### EXERCISE AIM
Copy out the full listing exactly, omitting any picture it contains.

### INFORMATION SHOWN

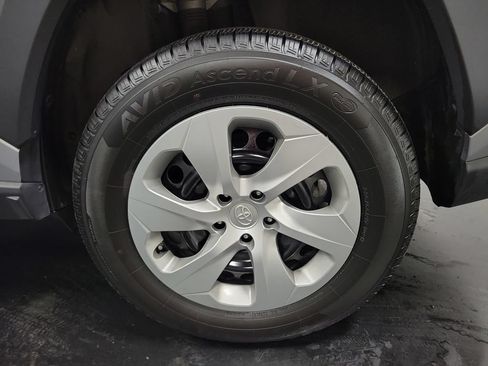 Used 2020 Toyota RAV4 LE w/ All Weather Liner Package FWD image 10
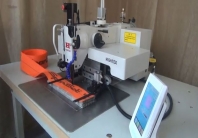 733PLC Máquina de costuras de refuerzos para coser trabajos súper pesados (arneses, eslingas, cintos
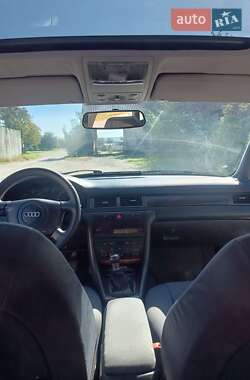 Седан Audi A6 2000 в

### TASK ANSWER
 Used 2020 Toyota RAV4 LE w/ All Weather Liner Package FWD image 10
 733PLC Máquina de costuras de refuerzos para coser trabajos súper pesados (arneses, eslingas, cintos
 Седан Audi A6 2000 в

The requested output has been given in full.